Revealed: Trump education cuts mean years of work – and millions of dollars – go to waste
"Staffers at US Department of Education say severe cuts in the name of efficiency are having the opposite effect: ‘You can’t even quantify the loss’

The education secretary, Linda McMahon, presented sweeping reductions at the US Department of Education as an efficiency drive, hailing firings and funding cuts as a “significant step toward restoring the greatness” of the country’s schools system.
Staff inside the department disagree.
The Trump administration has axed many research programs which have yet to be completed, according to workers, putting years of work – on which the federal government spent tens of millions of dollars – to waste.
Nearly 50% of staff at the US Department of Education was fired last week, with more than 1,300 employees given termination notices and nearly 600 workers taking voluntary resignation offers. Offices covering research, data and statistics were decimated.
A Department of Education employee who survived the cuts likened the experience to a funeral. “People were crying, breaking down at the human toll,” they told the Guardian. “These people are not bureaucratic bloat: they’re vital to helping improve educational outcomes for our nation’s children, and to ensuring states comply with the law.

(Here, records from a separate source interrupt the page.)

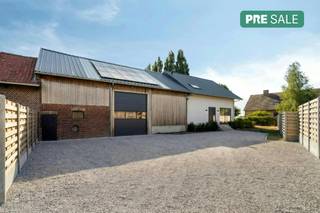 Alleenstaand huis met loods (148m²) en weide te koop in Westvleteren. Deze nieuwe woning is ideaal voor wie op zoek is naar een energiezuinig huis zonder werk. Het huis is gelegen in de Westvleterseweg 39A op een privaat perceel van 2.020m². De ruime gerenoveerde loods maakt dit huis uitermate interessant voor wie op zoek is naar een woning met veel opslagruimte. Ideaal voor een zelfstandigen met materiaal! Volledig nieuwbouw op palen. 6% btw!<br /><br />INDELING<br />Gelijkvloers: Inkomhal met apart toilet - ruime lichtrijke woonkamer met zicht op het terras en de weide - aansluitende open keuken met kwalitatieve toestellen - ruime berging/wasplaats.<br /><br />Eerste verdieping: Toilet - 3 ruime slaapkamers - badkamer met inloopdouche en ligbad.<br /><br />Ruime bergzolder.<br /><br />Buiten: Toegangspoort tot het perceel - binnenkoer - ruime loods met dubbele sectionaalpoort waardoor je rechtstreekse toegang hebt tot de weide - terras bij de woning - weide.<br /><br />TROEVEN<br />Nieuwbouwwoning<br />Gebouwd op palen<br />Drie mooie slaapkamers<br />Ruime loods<br />Kwalitatieve materialen <br />Zonnepanelen<br />Vloerverwarming met warmtepomp<br />Regenput<br /><br />De eigendom wordt aangeboden via de Pre-sale formule. Op 19/09/2026 tussen 10:00 en 12:00 kan u het huis met magazijn op afspraak komen bezichtigen en een bod uitbrengen. De vermelde prijs is een instelprijs. Voor meer info, gelieve contact op te nemen met de dossierverantwoordelijke.<br /><br />Bestuursmaatregelen in het maatregelenregister: in aanvraag<br /><br />Deze AI-visualisaties zijn bedoeld als inspiratie. Er werd geen rekening gehouden met technische specificaties, stedenbouwkundige voorschriften of de concrete mogelijkheden tot realisatie.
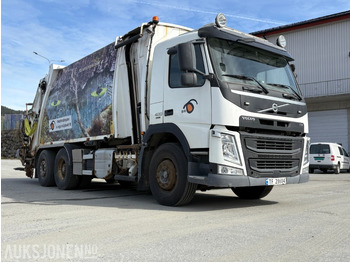 Caminhão de lixo 2014 Volvo FM 420 renovasjonsbil med 2-kammers løsning: foto 2
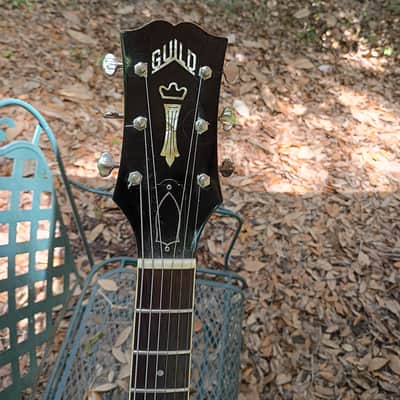 Guild T-100D 1963 Sunburst with P90 pickups video image 9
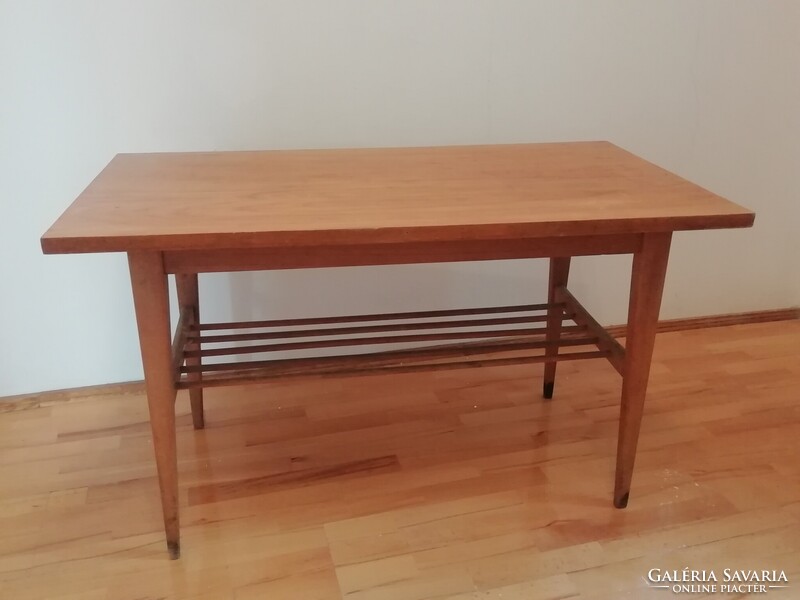 Retro kis asztal, dohányzó asztal
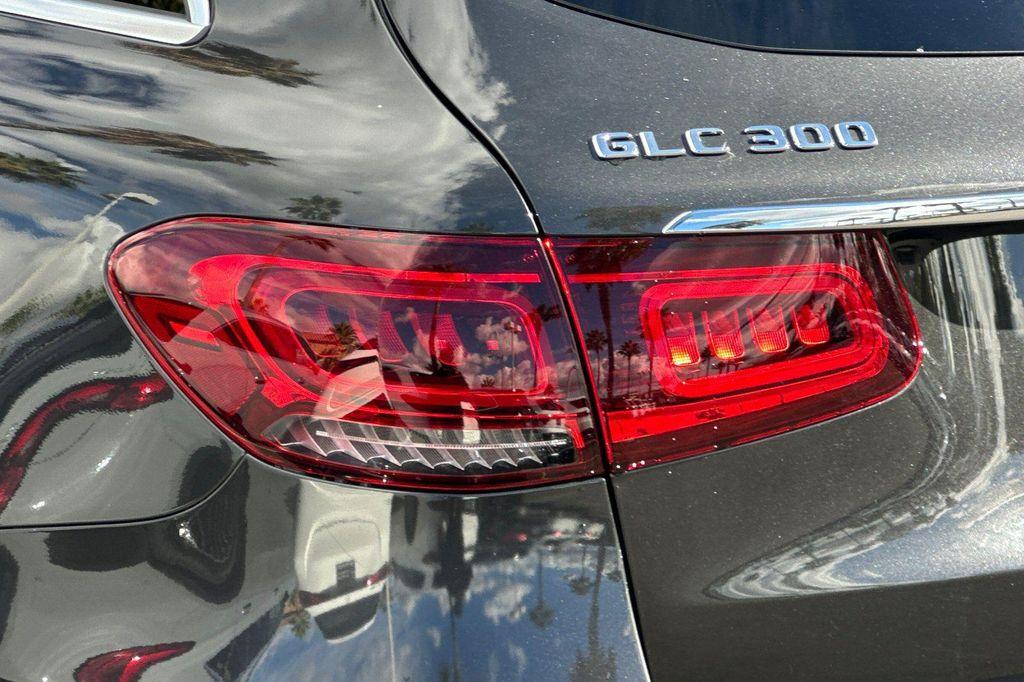 used 2020 Mercedes-Benz GLC 300 car, priced at $26,884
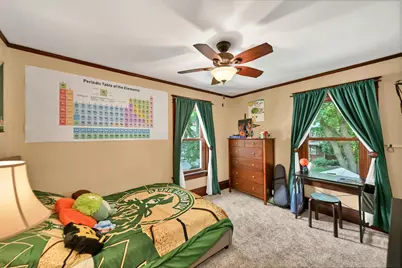 1347 N 71st St, Wauwatosa, WI 53213 - Photo 17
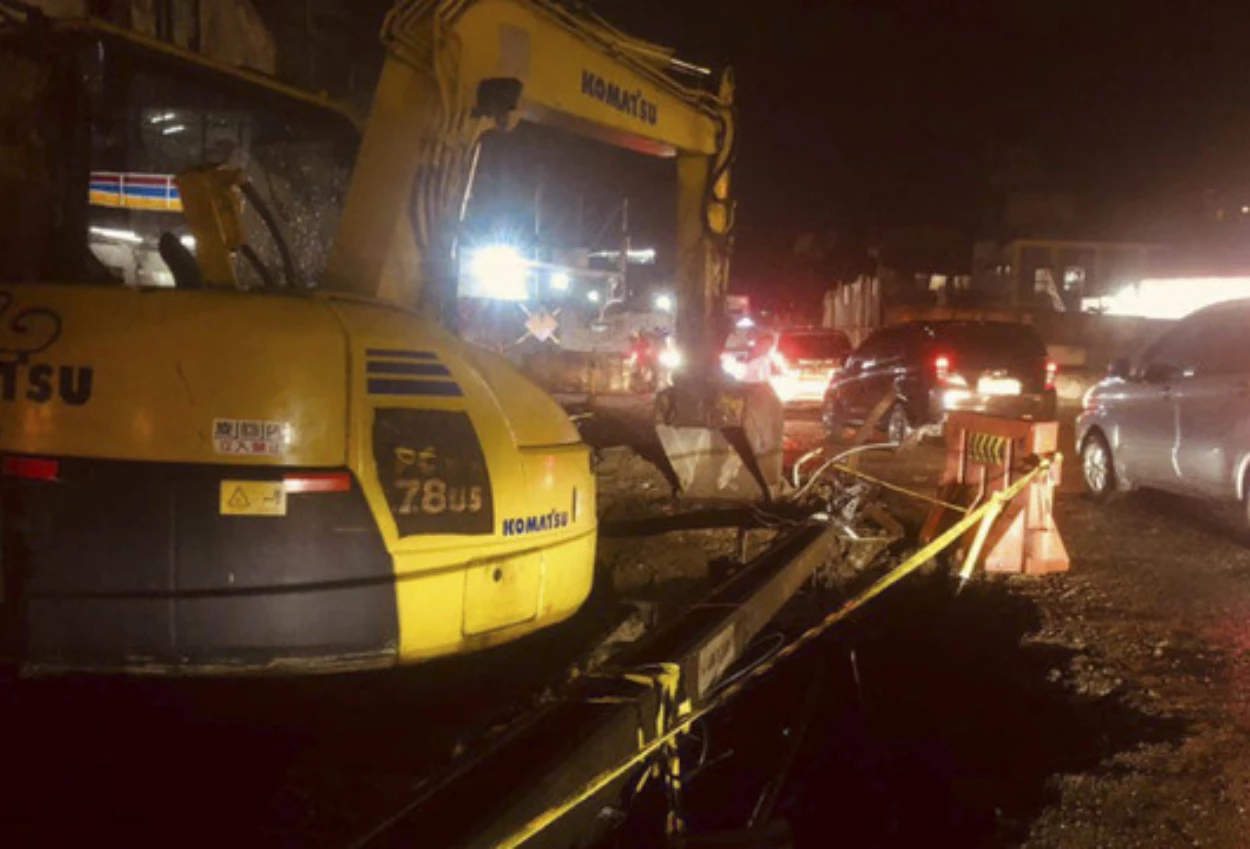Pemotor Tewas Tertimpa Tiang Listrik Yang Jatuh Di Bandung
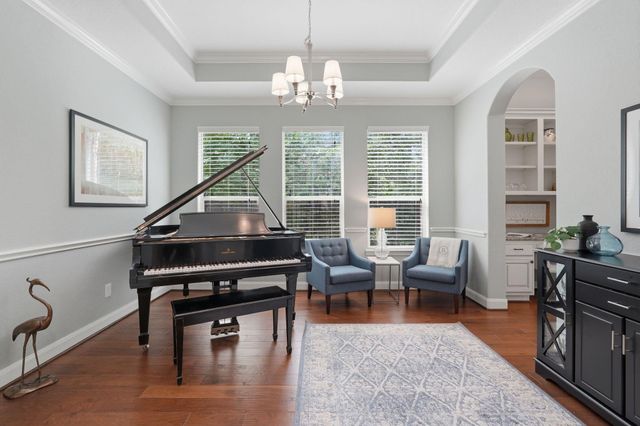 63 W Canyon Wren Circle, The Woodlands, TX 77389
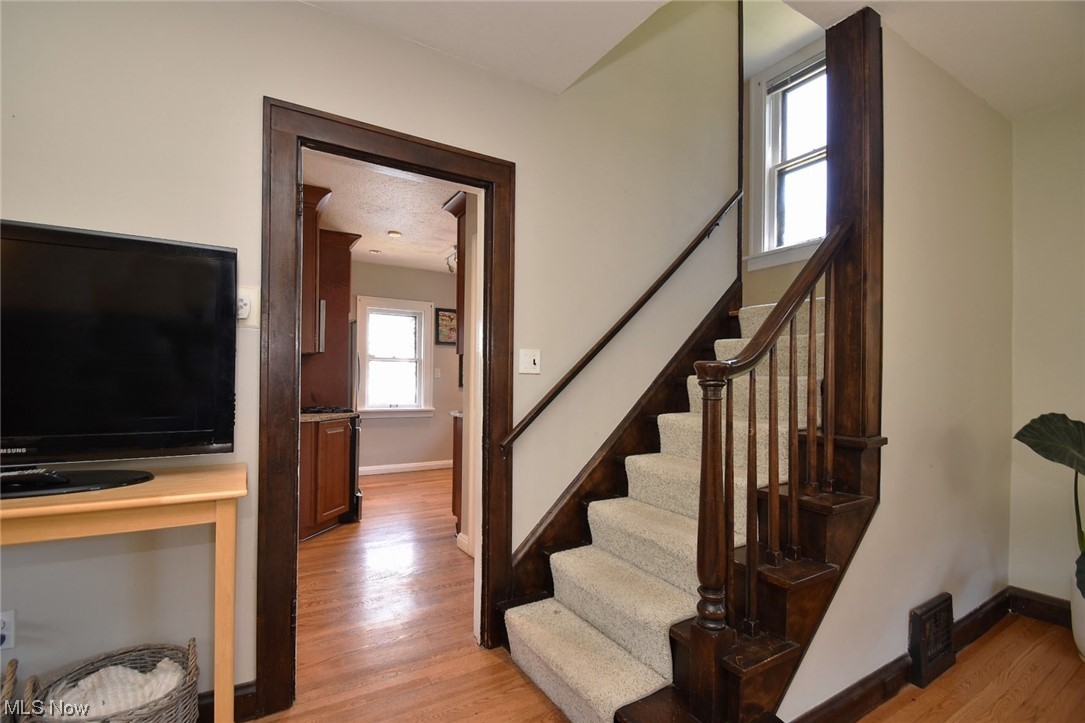 2475 Kingston Road Cleveland, OH 44118 - Photo 11 of 25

It’s death by a thousand cuts.”
Staff were particularly concerned about the decision to halt research projects, years after they started, that were nearly complete.
Nearly all employees at the department’s Institute of Educational Sciences (IES) were fired, and more than 160 education research funding contracts and grants worth $900m were cancelled.
Many of the research projects were commissioned to take place over five years. “We were in year four, which means there was a lot of research that was almost done, but is now never going to see the light of day,” one fired IES employee said.
They cited one study into the early impact of a literacy program in Michigan. The outcome of the research will now not see the light of day.
Most of the money spent on such research will now “yield nothing for the taxpayers, nothing for schools, nothing for students,” the employee said. “You can’t even quantify the loss.”

They questioned McMahon’s claim that the sweeping cuts would restore the “greatness” of the US education system. “I don’t understand how you can do that when you cut an office where our only job was to figure out what’s working in classrooms, what’s not working, who’s it working for, and who’s it not working for?
“We have this roadmap for schools, we have all this information, and now we’re just taking it away and saying, figure it out.”
“These cancellations are going to have stopped research that was well on its way to helping us better understand how to improve outcomes for kids,” said Rachel Dinkes, president and CEO of Knowledge Alliance, a non-profit whose members are educational organizations. “It’s just been halted, stopped, and it doesn’t look like there’s any indication that it will get restarted.”
She cited proven success stories that relied on the kind of research being cancelled, including vast improvements in literacy in Mississippi.
“When states use evidence-based practices, student achievements improve,” Dinkes added. “I think we’re unwinding, hampering and putting speed bumps into achieving those goals.”
Joshua Stewart, an education researcher for a federal contractor since 2012, was working on research for the education department’s regional educational laboratories. Last week, he said they had to inform school districts and teachers they were working with that – midway through their work – it had been abruptly halted.
“We had to send them a series of notes saying we’ve been thankful to be your partners on these projects that are intended to improve outcomes for students and teachers, but we have to stop right away. We can’t even leave you with anything, we just have to stop,” Stewart said. “I have a hard time believing that it’s going to have any positive impact on students, teachers and families.”
A federal judge in Maryland has since ordered a temporary halt to the reduction in force firings at the Department of Education and other agencies. The Trump administration has appealed.
Attorneys general from 20 states and the District of Columbia also filed a lawsuit last week over the Trump administration’s attempt to dismantle the agency.
Contacted for comment, a spokesperson for the Department of Education referred the Guardian to the press release on the cuts, which claimed that it would continue to deliver “on all statutory programs” under the agency’s purview.
Education outcomes in reading and math in the US had been gradually increasing since the education department’s creation in 1979, up until Covid-19 shutdowns caused significant disruption. Trump has made clear he wants to close the department."